▸ **Directions for this task**: In the entries below, find the line with "Bride and groom hug" and the line with "A bride and groom cutting their cake"; give again those lines and every line between them, exactly.

Records to process below:

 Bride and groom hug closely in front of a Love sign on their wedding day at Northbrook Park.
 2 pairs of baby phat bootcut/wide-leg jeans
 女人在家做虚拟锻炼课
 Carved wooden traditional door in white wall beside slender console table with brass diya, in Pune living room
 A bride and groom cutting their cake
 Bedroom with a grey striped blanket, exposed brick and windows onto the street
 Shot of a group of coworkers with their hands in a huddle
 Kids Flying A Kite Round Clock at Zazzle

End of Records to process.
Records to process below:

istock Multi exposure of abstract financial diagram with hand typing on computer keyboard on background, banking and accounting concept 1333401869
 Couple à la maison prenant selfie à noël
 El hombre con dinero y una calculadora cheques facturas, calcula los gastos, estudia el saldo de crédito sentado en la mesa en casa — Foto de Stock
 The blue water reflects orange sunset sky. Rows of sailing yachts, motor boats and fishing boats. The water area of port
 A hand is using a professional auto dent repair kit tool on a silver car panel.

End of Records to process.

▸ **Solution to this exercise**:
 Bride and groom hug closely in front of a Love sign on their wedding day at Northbrook Park.
 2 pairs of baby phat bootcut/wide-leg jeans
 女人在家做虚拟锻炼课
 Carved wooden traditional door in white wall beside slender console table with brass diya, in Pune living room
 A bride and groom cutting their cake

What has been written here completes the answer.